Home –  peg feeding training
Tag Archives: peg feeding training

A Look At Peg Feeding Training

Patients that receive PEG feeding will have a PEG tube inserted directly into their stomach. The tube allows all food, fluids and medications to pass directly into the digestive tract. As a PEG tube goes directly into the stomach it can be used for people that have difficulty swallowing food or liquids. It may also be used if there is a danger of’aspirating’ on foods. This is when foods’go the wrong way’ and can end up in the patient’s lungs causing problems. PEG feeding allows people to receive all the essential nutrients, maintain a healthy weight and improve overall wellbeing and quality of life. It can sometimes be used when individuals are unable to take in adequate nutrition themselves, e.g. if somebody has severe anorexia. Though PEG feeding was initially developed for children, it’s now commonly used for both adults and children of all ages. Are you hunting about peg feeding training? View the earlier talked about site.
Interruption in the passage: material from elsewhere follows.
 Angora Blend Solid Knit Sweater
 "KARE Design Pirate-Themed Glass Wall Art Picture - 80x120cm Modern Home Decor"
The decision to fit a PEG tube will always be made on an individual basis after discussions with the patient and the multi-disciplinary team. When someone only needs temporary enteral tube feeding it is sometimes possible to pass a thin tube through the nose to the stomach. However, if the person requires longer-term enteral feeding, PEG feeding could be considered. Generally speaking, PEG tubes are better tolerated than NG tubes. They have fewer interruptions and are easier to use and they also have fewer risk/complications compared to NG tubes. The PEG tube is frequently more comfortable and is relatively straightforward to care for and handle at home. Many people choose a PEG tube since they are a discreet alternative, which can be easily hidden under clothes. On the day of the procedure, patients shouldn’t eat for six hours and will have to stop drinking clear fluids two hours before the procedure. In most hospitals, when the patient arrives on the ward a cannula or small needle will be placed in the arm or hand, before being transferred through to a dedicated Endoscopy Unit. The procedure does not require a general anesthetic, even though some patients may be given a sedative.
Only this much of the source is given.